In the data below, repeat the line containing "Pure kanchipuram silk" and every following line exactly, up to and including the last line. Exclude pictures.

Extracted data entries:
● ● ● ●
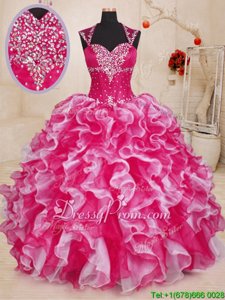 Fantastic Sleeveless Lace Up Floor Length Beading and Ruffles Sweet 16 Quinceanera Dress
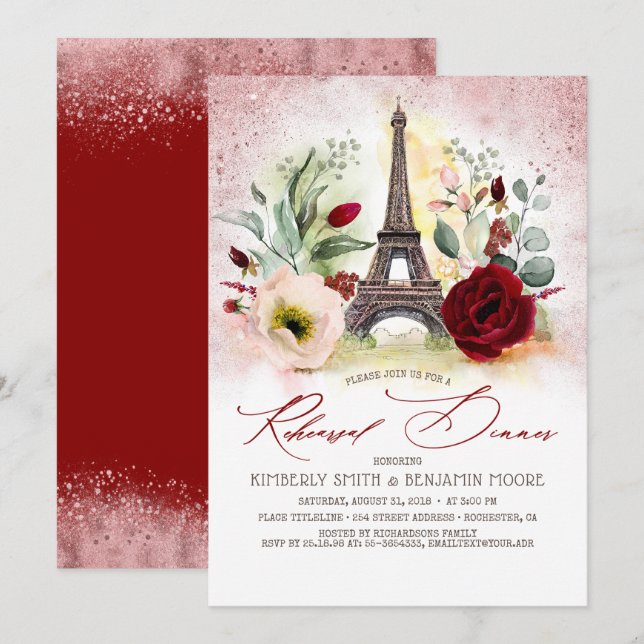 Eiffel Tower Vintage Paris Rehearsal Dinner Invitation (Front/Back)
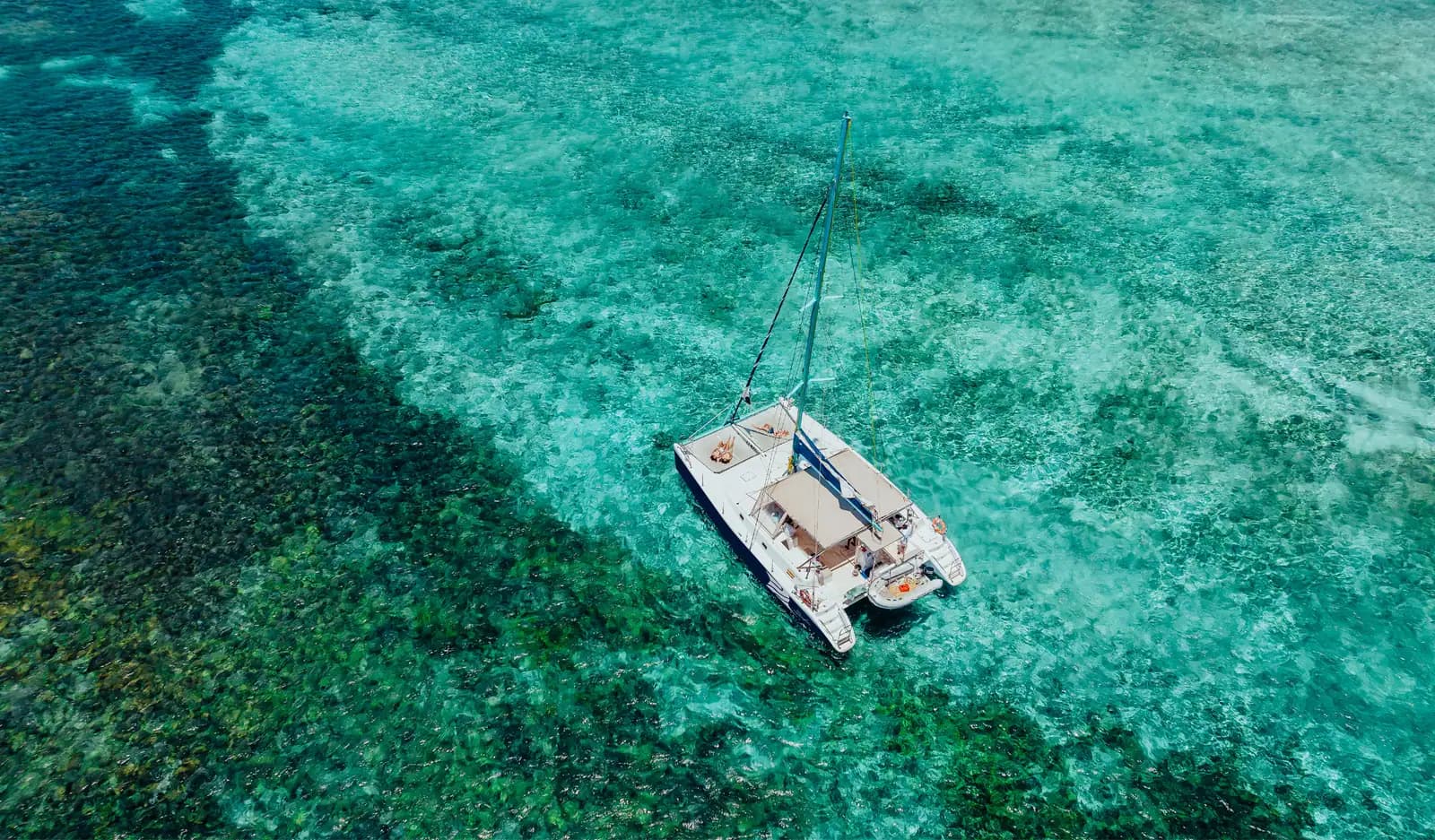 Un catamaran vu du ciel dans une eau limpide et peu profonde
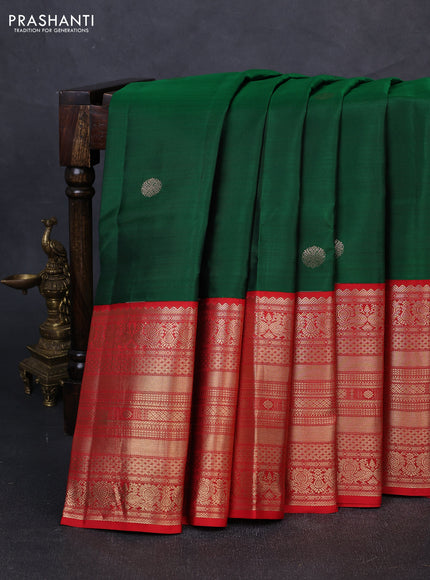 Pure kanchipuram silk saree bottle green and red with zari woven buttas and long zari woven korvai border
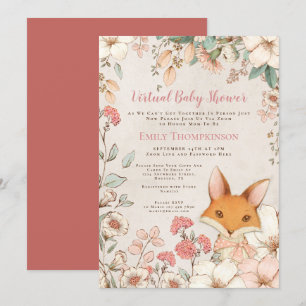  Fox Floral Cream Wit Virtual Baby shower Kaart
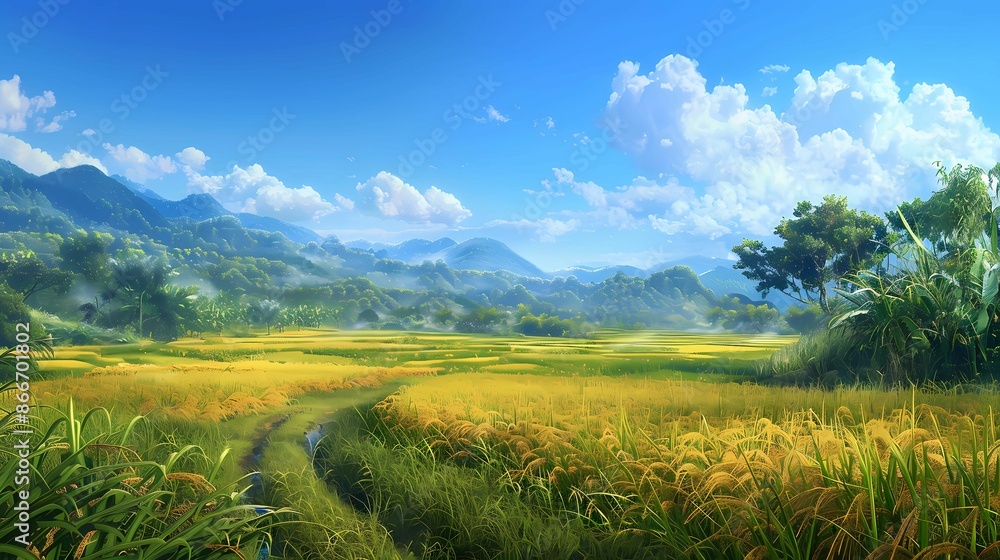 Obraz premium A swaying rice fields under a clear blue sky, evoking a sense of endless prosperity and tranquility, realistic painting style, Generative AI illustrations.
● ● ● ●
▶ Finished exercise
 Pure kanchipuram silk saree bottle green and red with zari woven buttas and long zari woven korvai border
  Fox Floral Cream Wit Virtual Baby shower Kaart
 Obraz premium A swaying rice fields under a clear blue sky, evoking a sense of endless prosperity and tranquility, realistic painting style, Generative AI illustrations.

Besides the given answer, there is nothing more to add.